This book tells the story of the days immediately before and after the death of a Cornish matriarch, who knows that, given the chance, her children would sell her beloved home.
That alone would have made me pick up the book, because I love the author, and because I love that this story is set in china clay country; a part of Cornwall that I have rarely read about in fiction, though it is an important part of the county’s history and heritage.
The narrative moves back in time to tell stories of previous generations who lived there, not in the way of most novels that have stories set in different points in time, but in a way that feels completely natural and right. Sometimes a thought, a sound, a sight can spark a memory can stir a memory; sometimes of just a moment of time and sometimes of a whole story of people, places and incidents long past.
That is exactly the way this book works. Rumer Godden did this same thing in an earlier work, A Fugue in Time, and in this book she works with more characters, more history, and – I think – rather more refinement.
I was captivated with the story of the elderly matriarch, who was cared for by a lady not a great deal younger who had been her companion; by the story of a granddaughter she called to her side, who had loved the house as a child but had not been there for many years, as when her mother was widowed she had decided to return to her native America, and pick up the threads of her career as an actress; and by the story that played out when daughters returned, with husbands in tow, to look over what they thought was their rightful inheritance.
That story became so real to me, and so did many stories from the past. I’m thinking of Eustace and Adza, who bought the house and established the dynasty. I’m thinking of Lady Patrick, the daughter of a wealthy and aristocratic family who eloped with the son of the house and struggled with her changed circumstances, her faithless husband and two young sons. At first I couldn’t warm to her, but as I learned more of her story I came to empathise with her. And I am thinking of the wonderful Eliza, who seemed to be cast as the spinster daughter, and who overcame her anger about her situation to set the course of her own life, by insisting that her brother formalised her position as housekeeper and by pursuing her own interests – especially the books that she loved dearly – when her time was her own.
It felt quite natural to move between all of those different stories. When I bought my book I had made sure that I had a family tree to refer to, but I didn’t need it for very long at all’ such was the skill of the author at bringing the house and its occupants to life.
She wrote so beautifully, she picked up exactly the right details, and it really did seem that she had walked through that house, unseen, among all of those different generations; understanding the pull of – the importance of – China Court, as a home and for its own sake.
There was such skill in construction of the story and in the telling of the tale.
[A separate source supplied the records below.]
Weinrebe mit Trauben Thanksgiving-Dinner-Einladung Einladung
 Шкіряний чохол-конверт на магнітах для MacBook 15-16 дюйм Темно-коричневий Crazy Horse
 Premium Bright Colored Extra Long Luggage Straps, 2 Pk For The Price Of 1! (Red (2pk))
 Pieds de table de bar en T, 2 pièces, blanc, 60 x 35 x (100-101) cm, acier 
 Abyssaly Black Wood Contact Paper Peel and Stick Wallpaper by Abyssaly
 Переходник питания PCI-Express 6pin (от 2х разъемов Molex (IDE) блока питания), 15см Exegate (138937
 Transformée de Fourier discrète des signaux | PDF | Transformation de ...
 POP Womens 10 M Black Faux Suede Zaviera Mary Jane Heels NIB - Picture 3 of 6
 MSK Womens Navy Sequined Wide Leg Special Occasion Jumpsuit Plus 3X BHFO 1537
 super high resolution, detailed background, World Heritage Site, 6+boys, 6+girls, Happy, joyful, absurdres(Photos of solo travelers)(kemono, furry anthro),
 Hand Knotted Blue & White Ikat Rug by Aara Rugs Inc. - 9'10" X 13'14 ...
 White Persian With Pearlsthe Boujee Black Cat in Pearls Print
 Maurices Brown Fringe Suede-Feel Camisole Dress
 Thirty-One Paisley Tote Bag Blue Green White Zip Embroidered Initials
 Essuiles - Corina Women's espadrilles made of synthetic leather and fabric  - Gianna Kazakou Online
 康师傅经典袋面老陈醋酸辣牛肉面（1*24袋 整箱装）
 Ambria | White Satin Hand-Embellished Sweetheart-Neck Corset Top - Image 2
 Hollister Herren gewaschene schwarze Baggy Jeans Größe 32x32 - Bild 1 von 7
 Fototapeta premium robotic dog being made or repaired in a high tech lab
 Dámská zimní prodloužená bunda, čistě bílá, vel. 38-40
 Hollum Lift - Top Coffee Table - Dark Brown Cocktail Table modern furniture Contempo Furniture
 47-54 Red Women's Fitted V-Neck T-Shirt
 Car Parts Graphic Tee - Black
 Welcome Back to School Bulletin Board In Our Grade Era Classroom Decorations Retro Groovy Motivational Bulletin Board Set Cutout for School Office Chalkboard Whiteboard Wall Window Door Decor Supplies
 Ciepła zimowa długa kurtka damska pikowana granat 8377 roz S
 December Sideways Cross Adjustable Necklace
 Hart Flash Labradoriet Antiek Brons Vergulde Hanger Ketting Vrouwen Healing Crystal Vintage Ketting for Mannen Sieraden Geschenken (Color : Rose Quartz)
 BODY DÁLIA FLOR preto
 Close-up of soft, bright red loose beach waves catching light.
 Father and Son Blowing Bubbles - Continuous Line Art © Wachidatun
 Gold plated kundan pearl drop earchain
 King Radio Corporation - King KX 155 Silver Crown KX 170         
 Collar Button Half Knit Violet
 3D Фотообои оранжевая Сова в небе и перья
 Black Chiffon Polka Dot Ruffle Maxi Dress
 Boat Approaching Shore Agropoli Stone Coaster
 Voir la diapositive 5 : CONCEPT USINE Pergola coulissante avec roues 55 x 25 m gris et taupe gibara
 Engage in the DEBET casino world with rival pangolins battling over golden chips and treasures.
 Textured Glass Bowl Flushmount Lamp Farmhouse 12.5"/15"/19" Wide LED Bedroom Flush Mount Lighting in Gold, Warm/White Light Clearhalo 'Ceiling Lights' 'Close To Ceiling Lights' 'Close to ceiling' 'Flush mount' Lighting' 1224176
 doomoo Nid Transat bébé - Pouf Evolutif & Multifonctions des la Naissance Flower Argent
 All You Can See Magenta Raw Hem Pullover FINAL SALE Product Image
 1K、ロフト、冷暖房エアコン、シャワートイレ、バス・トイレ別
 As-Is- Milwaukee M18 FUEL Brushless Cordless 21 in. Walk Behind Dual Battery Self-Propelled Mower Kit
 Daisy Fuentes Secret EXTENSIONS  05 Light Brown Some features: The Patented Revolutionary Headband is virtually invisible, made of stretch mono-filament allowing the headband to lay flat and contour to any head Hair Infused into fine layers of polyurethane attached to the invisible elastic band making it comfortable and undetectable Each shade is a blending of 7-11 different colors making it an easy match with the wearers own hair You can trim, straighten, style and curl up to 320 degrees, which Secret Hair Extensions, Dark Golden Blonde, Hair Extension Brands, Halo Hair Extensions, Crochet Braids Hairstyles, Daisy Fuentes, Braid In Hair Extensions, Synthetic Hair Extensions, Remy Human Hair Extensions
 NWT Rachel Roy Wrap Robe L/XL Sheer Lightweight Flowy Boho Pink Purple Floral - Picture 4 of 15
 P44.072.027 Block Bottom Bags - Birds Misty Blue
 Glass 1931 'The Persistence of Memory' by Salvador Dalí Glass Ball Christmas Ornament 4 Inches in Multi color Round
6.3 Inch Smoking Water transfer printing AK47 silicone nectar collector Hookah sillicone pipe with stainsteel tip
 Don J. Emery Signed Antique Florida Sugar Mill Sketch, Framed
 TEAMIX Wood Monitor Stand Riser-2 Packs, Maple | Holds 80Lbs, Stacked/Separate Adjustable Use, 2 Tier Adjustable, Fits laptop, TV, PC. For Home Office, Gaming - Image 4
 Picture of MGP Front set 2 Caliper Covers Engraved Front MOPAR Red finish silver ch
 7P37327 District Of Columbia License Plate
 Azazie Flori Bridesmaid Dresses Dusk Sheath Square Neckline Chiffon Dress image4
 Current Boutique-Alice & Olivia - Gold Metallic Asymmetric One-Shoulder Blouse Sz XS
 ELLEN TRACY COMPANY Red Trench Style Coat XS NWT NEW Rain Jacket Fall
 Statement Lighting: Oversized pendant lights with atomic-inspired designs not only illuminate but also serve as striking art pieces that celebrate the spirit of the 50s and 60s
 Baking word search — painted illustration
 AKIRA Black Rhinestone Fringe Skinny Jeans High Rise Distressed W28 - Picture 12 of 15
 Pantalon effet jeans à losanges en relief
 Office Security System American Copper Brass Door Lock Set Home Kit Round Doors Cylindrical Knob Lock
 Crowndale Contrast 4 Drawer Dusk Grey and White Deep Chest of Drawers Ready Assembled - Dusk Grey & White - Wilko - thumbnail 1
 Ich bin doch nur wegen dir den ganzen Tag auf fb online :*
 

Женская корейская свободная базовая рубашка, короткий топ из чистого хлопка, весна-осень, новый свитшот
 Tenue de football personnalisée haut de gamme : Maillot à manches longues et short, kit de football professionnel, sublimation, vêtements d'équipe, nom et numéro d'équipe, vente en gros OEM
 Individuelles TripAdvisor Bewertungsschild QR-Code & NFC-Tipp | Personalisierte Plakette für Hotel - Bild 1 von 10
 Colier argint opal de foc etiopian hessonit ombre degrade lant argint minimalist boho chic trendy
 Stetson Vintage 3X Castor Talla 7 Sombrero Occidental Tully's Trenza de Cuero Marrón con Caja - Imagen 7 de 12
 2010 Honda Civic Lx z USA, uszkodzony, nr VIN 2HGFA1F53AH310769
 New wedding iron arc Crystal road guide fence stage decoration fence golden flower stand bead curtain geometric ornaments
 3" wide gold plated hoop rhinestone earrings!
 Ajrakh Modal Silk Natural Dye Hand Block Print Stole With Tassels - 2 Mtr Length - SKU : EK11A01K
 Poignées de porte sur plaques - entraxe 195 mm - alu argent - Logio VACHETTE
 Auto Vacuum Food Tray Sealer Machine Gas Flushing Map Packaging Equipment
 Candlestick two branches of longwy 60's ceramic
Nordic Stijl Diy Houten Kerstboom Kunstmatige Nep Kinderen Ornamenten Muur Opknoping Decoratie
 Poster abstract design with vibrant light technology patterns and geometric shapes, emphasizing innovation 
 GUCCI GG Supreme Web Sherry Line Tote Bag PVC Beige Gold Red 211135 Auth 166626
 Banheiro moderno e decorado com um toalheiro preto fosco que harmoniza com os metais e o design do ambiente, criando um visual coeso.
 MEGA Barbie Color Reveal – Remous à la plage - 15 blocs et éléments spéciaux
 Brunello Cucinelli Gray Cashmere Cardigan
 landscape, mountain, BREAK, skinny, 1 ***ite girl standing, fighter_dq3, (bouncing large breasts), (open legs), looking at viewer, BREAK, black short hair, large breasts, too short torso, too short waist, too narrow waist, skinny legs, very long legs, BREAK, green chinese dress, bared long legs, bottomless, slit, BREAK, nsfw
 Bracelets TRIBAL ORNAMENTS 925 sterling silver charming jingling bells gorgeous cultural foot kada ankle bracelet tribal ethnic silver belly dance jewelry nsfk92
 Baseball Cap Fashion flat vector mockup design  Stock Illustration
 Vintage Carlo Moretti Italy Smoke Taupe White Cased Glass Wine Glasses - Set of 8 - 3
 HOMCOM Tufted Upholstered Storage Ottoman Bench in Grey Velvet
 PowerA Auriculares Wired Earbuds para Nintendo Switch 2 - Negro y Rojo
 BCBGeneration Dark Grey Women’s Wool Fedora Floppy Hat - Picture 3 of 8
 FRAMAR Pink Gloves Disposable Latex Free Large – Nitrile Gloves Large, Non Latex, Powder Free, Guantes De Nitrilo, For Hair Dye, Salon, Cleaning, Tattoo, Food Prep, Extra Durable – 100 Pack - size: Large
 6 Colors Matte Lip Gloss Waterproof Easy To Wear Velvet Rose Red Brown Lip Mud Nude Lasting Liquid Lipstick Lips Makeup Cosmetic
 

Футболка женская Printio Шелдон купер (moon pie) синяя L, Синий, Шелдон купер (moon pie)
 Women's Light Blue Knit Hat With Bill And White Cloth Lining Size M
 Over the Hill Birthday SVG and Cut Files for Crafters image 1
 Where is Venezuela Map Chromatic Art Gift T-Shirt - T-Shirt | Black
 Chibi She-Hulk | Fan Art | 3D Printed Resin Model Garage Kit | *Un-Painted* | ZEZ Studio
The present was written in the past tense and the past was written in the present tense, which might sound odd but it was wonderfully effective; and I loved the way the two could switch, sometimes even in the same sentence, feeling completely natural and right.
One character had a story in the present and the past. Ripsie was a child from the village and she became the constant companion of Lady Patrick’s two sons, Borowis and John Henry, while they played outside but as they grew up she found that she was often excluded from their world. Because she had fallen in loved with Borowis, who was brave and spirited, she clung on. When she finally realised that he didn’t love her and that he didn’t even see her as someone who had a place in his world, the steady and sensible John Henry was there to catch her before she fell. They married, and when Ripsie became the lady of the manor she slipped into the role so easily that she could have been born to it.
I’m reluctant to pick a favourite from so many wonderful characters and stories, but I think I have to say that I loved Ripsie and her story the best of all; both for her own sake and for what it said about the best and worst of society and of human nature.
The antique Book of Hours that she treasured and kept with her always provided headings for each chapter; a lovely reminder of the spirituality that is threaded through so many of Rumer Godden’s books, a lovely thing in its own right, and as I came to the end of the book I realised that it was also an integral part of the story.
I also realised that the author had chosen the pieces of the history of the family and the history of the house that she would share carefully and cleverly; to illuminate the past, and to show how the past can shape the present and the future.
I did miss the other pieces of history that weren’t shared; and though I understand that not everything could be told, the characters I met and the stories that I learned are so alive in my mind that want to know and understand more.
My only other disappointment was the ending. The reading of the will, the fallout from that, the discoveries that were made, were all wonderful; but there was just one thing that I couldn’t quite believe, the resolution of that was rushed, and the very final scene was unsettling and has not dated well.
There were so many more things that I loved, and those are the things that have stayed with me since I put the book down.